June 12th, 2008 at 9:45 pm
June 12th, 2008 at 9:56 pm
Call me Austrian, but I don’t buy this argument. Inflation is caused by excess liquidity, not resource shortages.
If price of one item in the CPI basket goes up, people will either buy less of it (elastic demand) or buy less of something else (inelastic demand).
Demand for gasoline is inelastic in the short term, so people have no choice but to buy it. But since money is finite, that also means that they have no choice but to buy less of something else. Thus demand for other products such as casual dining is down, which means LESS inflation in those items. The NET impact is nil. Of course, having fixed basket will still indicate a rise in general price levels, but that is misleading.
June 12th, 2008 at 10:03 pm
I think it’s been pretty obvious for awhile now that he can’t.
The guy is obviously either:
1. totally f***ing with us
2. completely out to lunch.
Either way, I can`t figure out why he still gets so much attention from some of you. I try to skip his posts, but then you guys comment on them and I feel like I need to go back and try to translate his garbage.
Please stop paying attention to him.
June 12th, 2008 at 10:13 pm
hmmhmm, you’re right about the troll, I apologize. sometimes I feel the need to raise to the bait to point out the obvious when I should keep in mind that anyone who doesn’t get it won’t be helped by further explanation. Whooo! That was rather long winded and unclear but its been a long week. ‘nite all!
June 12th, 2008 at 10:39 pm
I understand. I rarely post here but will admit that I sometimes want to reply to some of the other obvious but better spoken trolls.
I just really like reading the various comments (from both sides), but it seems like too often his illiterate garbage completely derails the discussion.
If we ignore him…he might go away.
June 12th, 2008 at 10:41 pm
Adding to this is that many believe much of the recent increase in oil price is not due to fundamental demand but to speculation, again the root cause being excess liquidity.

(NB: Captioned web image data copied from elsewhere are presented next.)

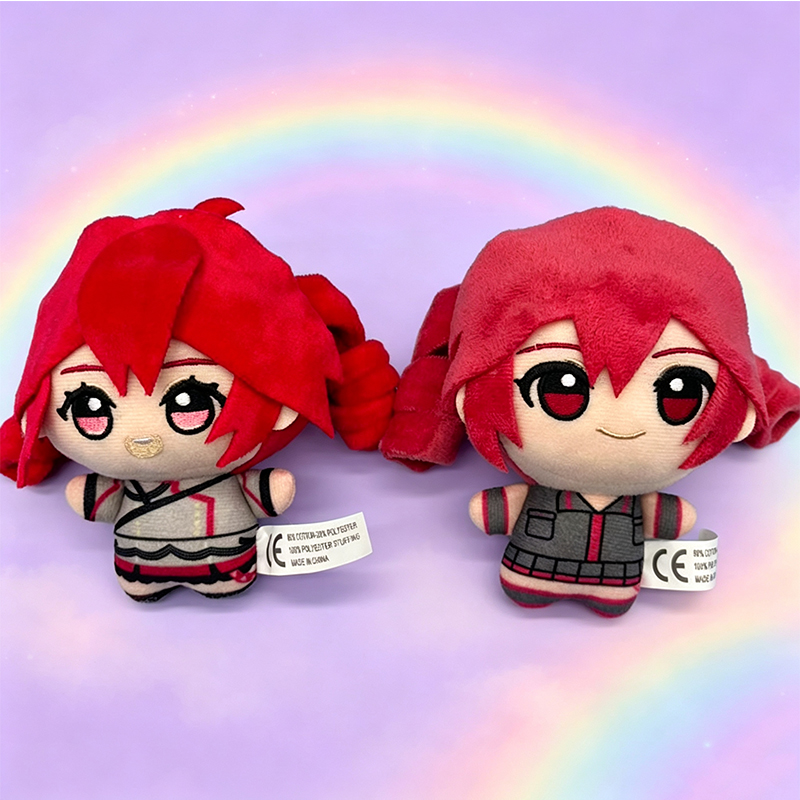 Kids Toys Variety - Kasane Teto Plush Toy Soft Doll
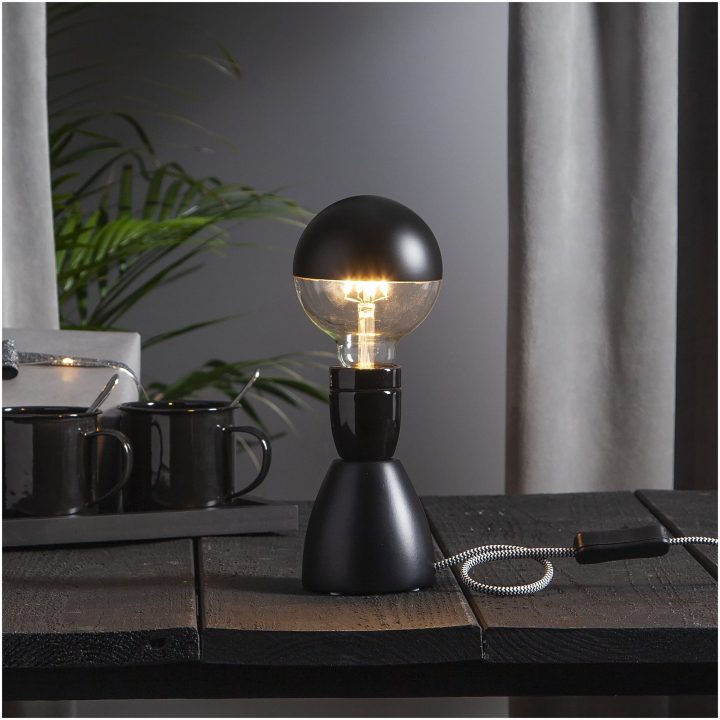 LED-pære E27 G95 Top Coated Star Trading – billede 7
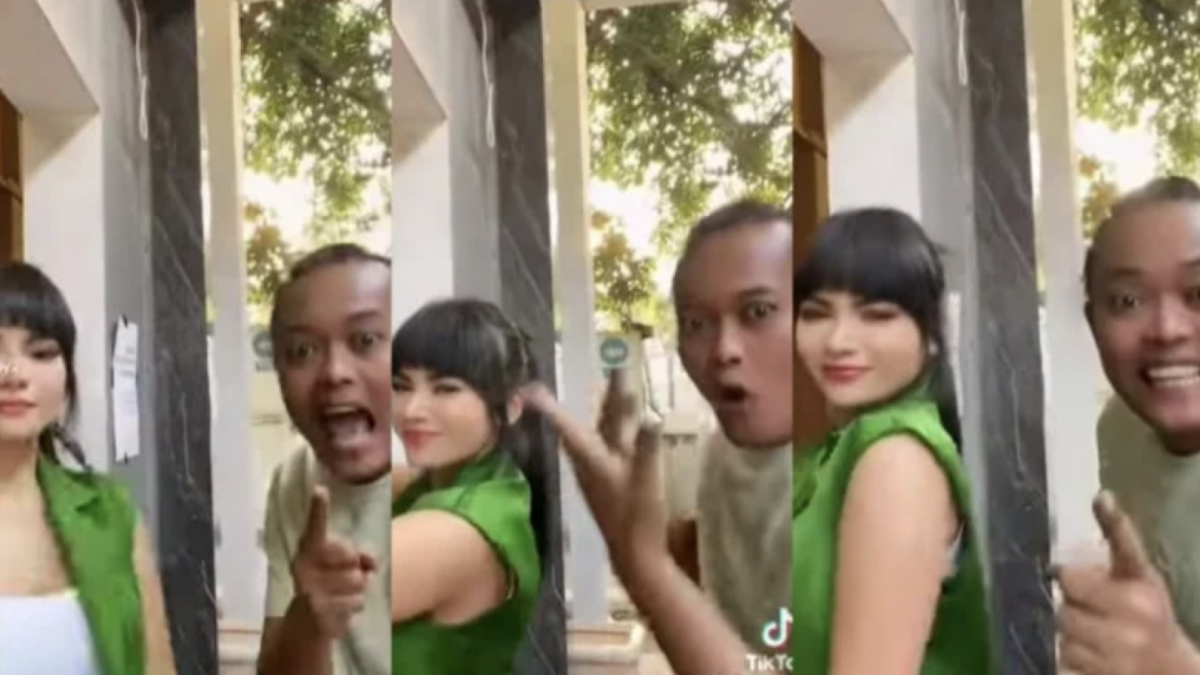 Sule dan Dinar Candy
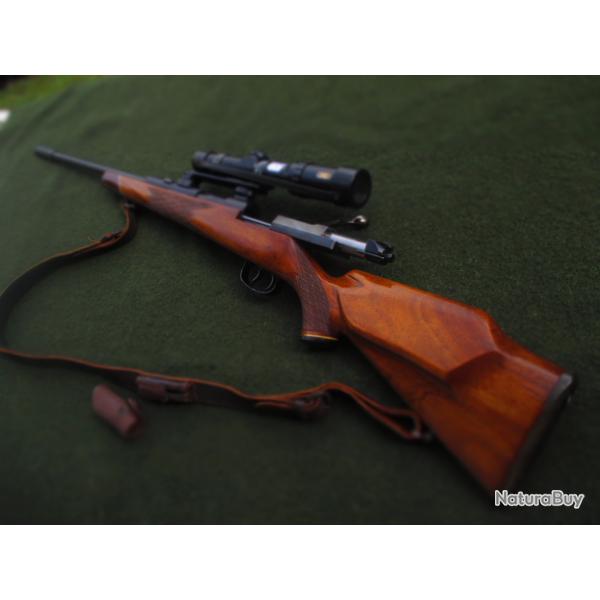 carabine a verrou calibre 6,5x 57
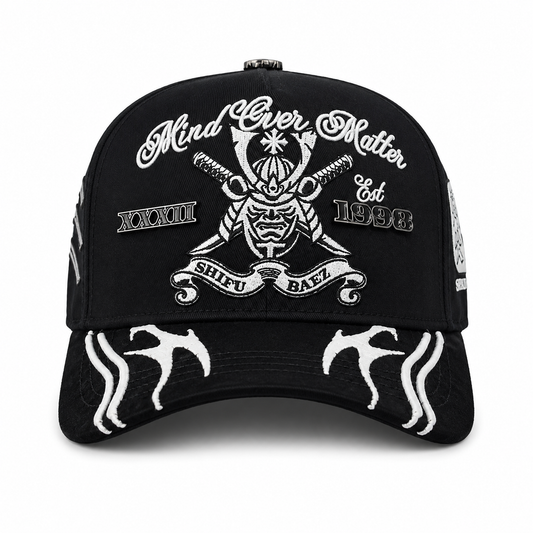 Baez x Adriano Zendejas "Mind Over Matter"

June 12th, 2008 at 10:44 pm
Less of something else…like real estate perhaps?
June 12th, 2008 at 10:50 pm
June 12th, 2008 at 10:55 pm
And while I`m at it, I think you are the poster I feel best reflects my thoughts on the current situation.
I`ve enjoyed reading (and agreeing) with your arguments over the past couple years, and predict that over the next couple of years, most of you biggest critics will slowly disappear.
Keep up the good work.
ps. I miss the VHB blog, although I`m glad he`s posting again occasionally. How do I get access to the archives
June 12th, 2008 at 11:30 pm
June 12th, 2008 at 11:40 pm
It`s taken longer than expected, but I think their common sense will show to be true very shortly. Interesting times ahead in this city.
June 13th, 2008 at 12:00 am
http://www.tatuagemdaboa.com.br/tatuage … hums%20up2
June 13th, 2008 at 12:11 am
Yes, but an RE purchase is investment, not consumption. Buying a house is not consuming (using) it. Falling RE prices are asset price deflation which can happen even while CPI is rising (like right now in the US). The price of the consumption of RE (rent) is not affected by sales. Freako was talking about an offsetting fall in the cost of consumption if the money supply is kept constant.
From the MSNBC story:
“It’s not uncommon to have 10 to 20 offers on one house, and for the house to end up selling for more than its market price,” said Erin Attardi, a Sacramento Realtor.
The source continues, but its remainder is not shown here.